THE PROBLEM
Repeat the lines from the one containing "Maxi Cosi Kori 2 in 1 Rocker Classic Beige" through the end of the listing exactly, both ends included. Do not carry over any pictures.

** Opening GIVEN INFORMATION block **

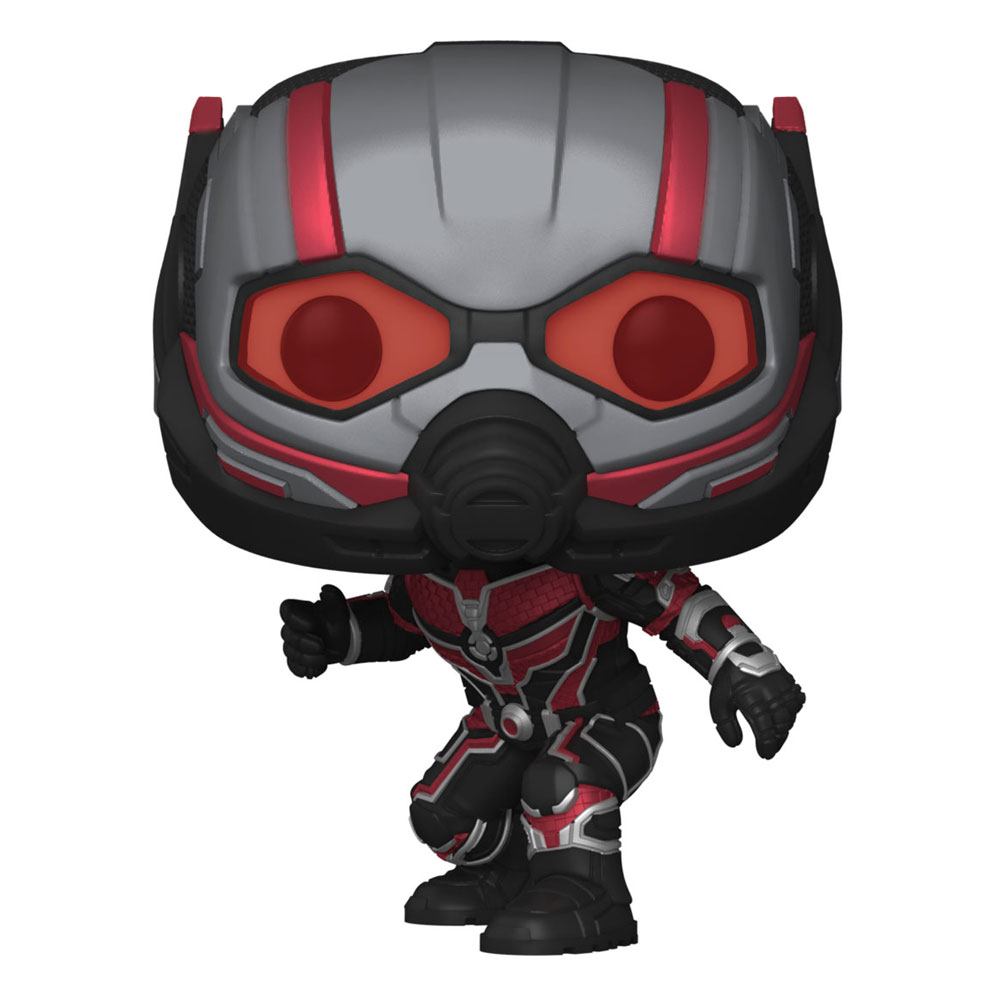 Ant-Man and the Wasp: Quantumania Funko POP! Vinyl Figure 1137 Ant-Man 9 cm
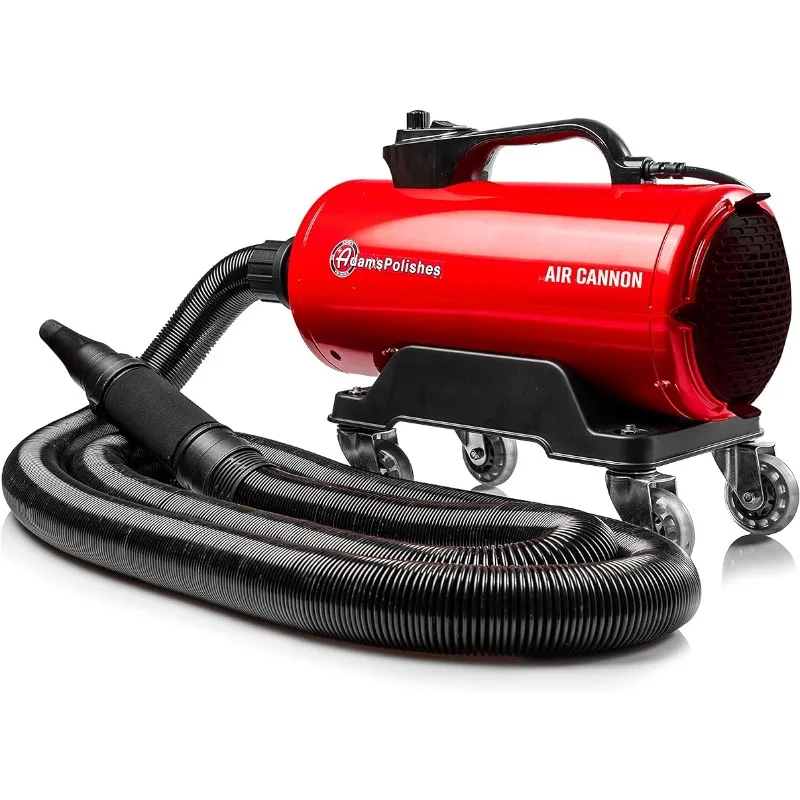 Adam’s Air Cannon Car Dryer Blower – Powerful Detailing Wash | Filtered Dryers, Blowers car accessories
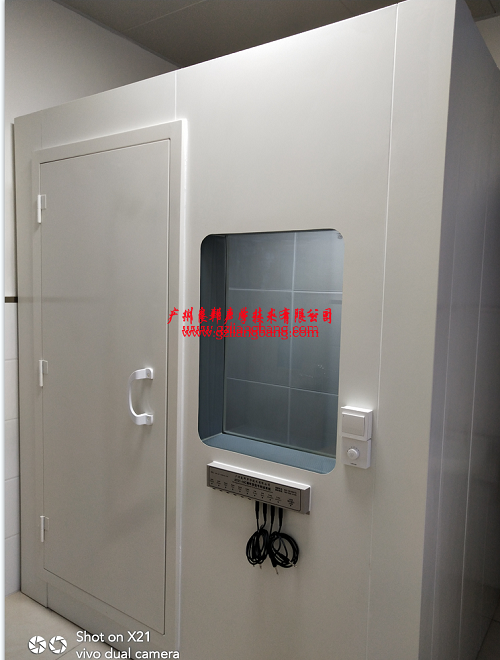 純音測(cè)聽室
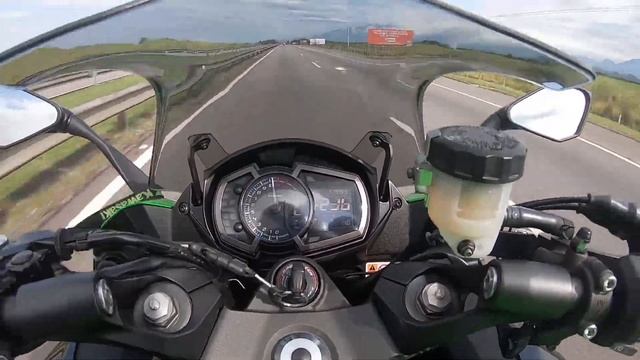 TOP SPEED KAWASAKI NINJA 1000 100% ORIGINAL смотреть онлайн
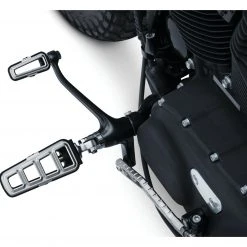 Kuryakyn Dillinger Universal Footpegs -Kuryakyn Online Store kuryakyn dillinger universal footpegs silver 7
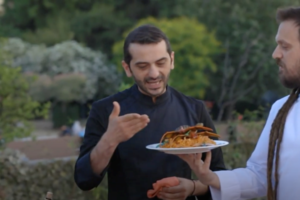 Μπέλλος και Μπέη: Το ζευγάρι του Master Chef δεν κρύβεται πια - Η πρώτη φωτογραφία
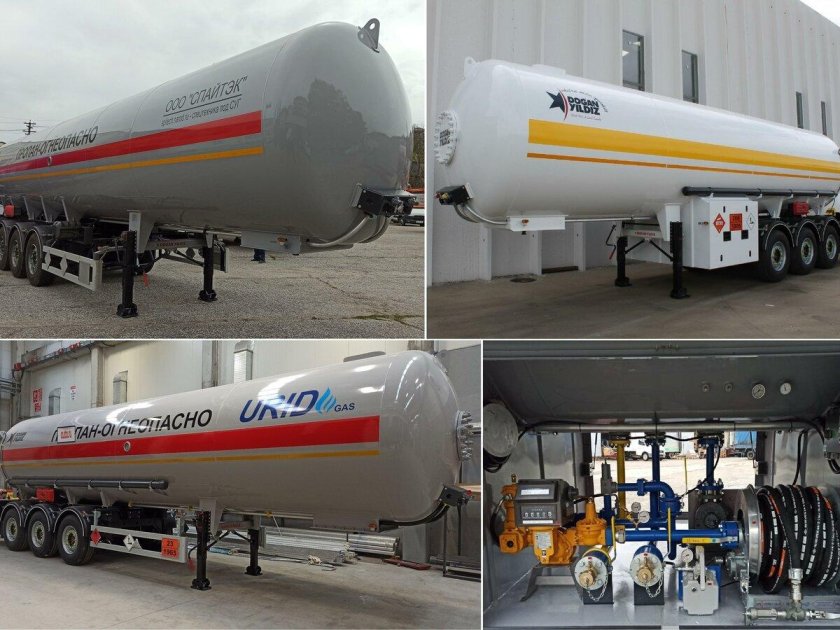 Аммиаковоз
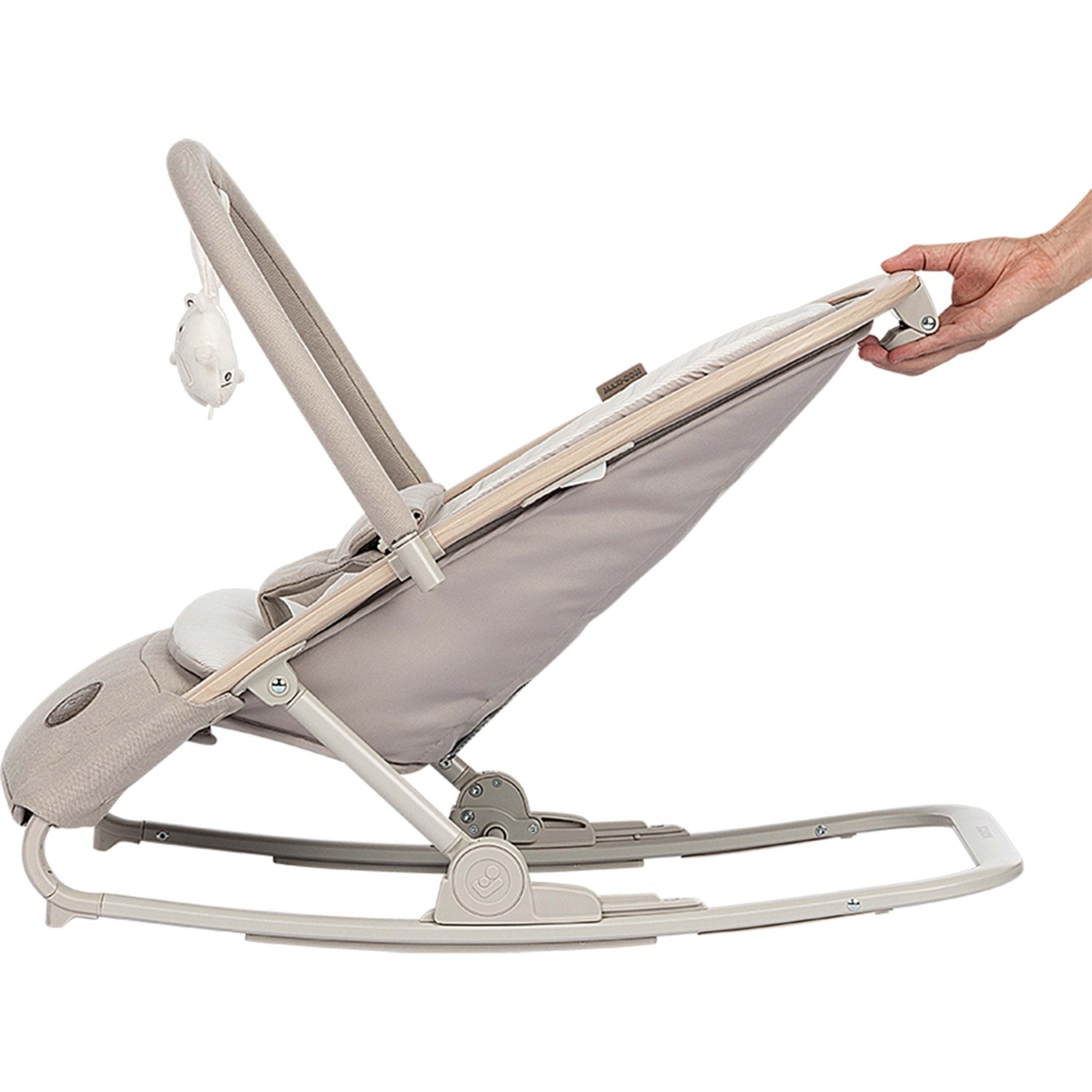Maxi Cosi Kori 2 in 1 Rocker Classic Beige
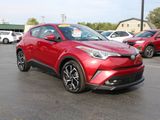 Used 2018 Toyota C-HR image 3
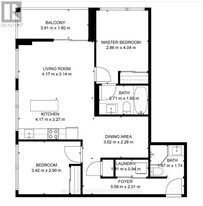 8 Tippett Rd in Toronto, ON - Building Photo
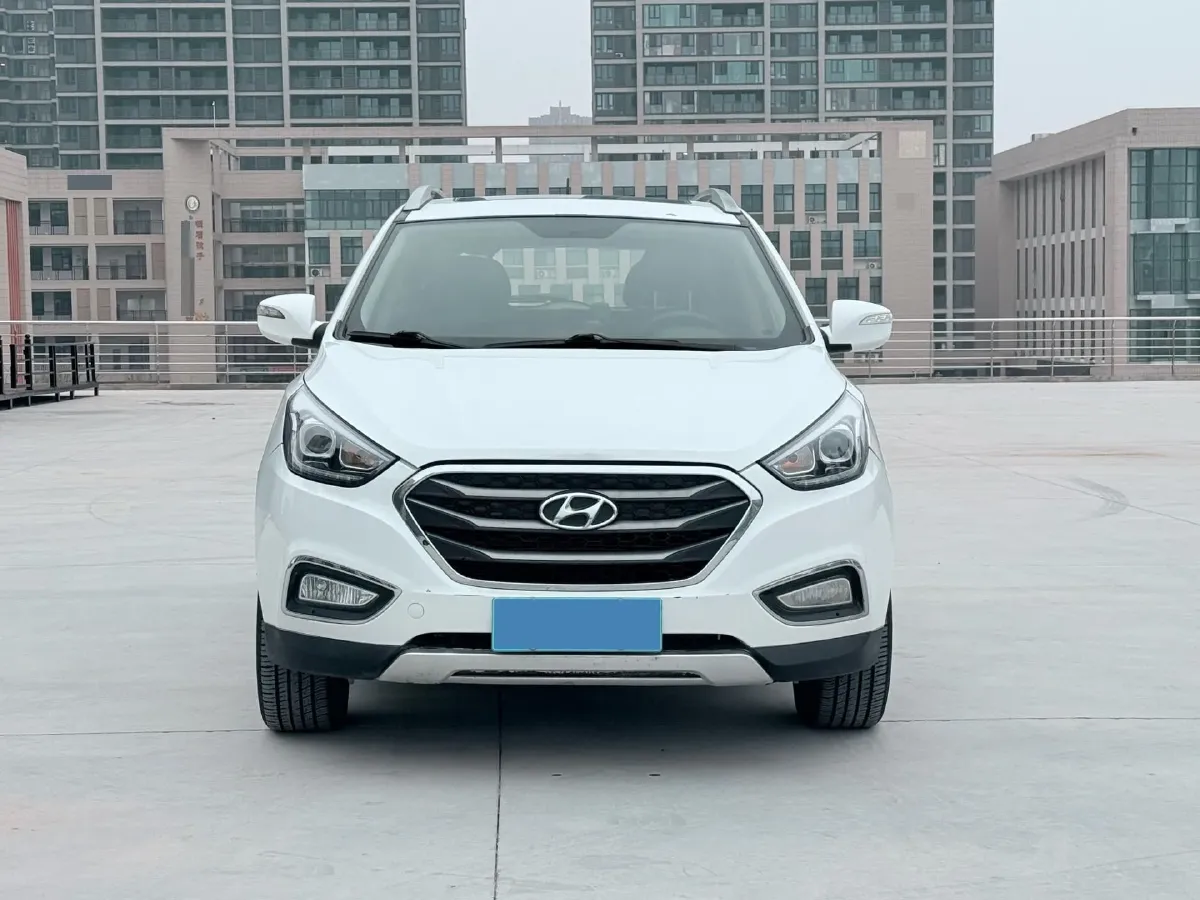 2015 Hyundai ix35 2.0L 160HP L4 6AT,autocango,china used car exporter,china ev exporter,chinese used car exporter,chinese used ev exporter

** Closing GIVEN INFORMATION block **

THE COMPLETED TASK
Maxi Cosi Kori 2 in 1 Rocker Classic Beige
 Used 2018 Toyota C-HR image 3
 8 Tippett Rd in Toronto, ON - Building Photo
 2015 Hyundai ix35 2.0L 160HP L4 6AT,autocango,china used car exporter,china ev exporter,chinese used car exporter,chinese used ev exporter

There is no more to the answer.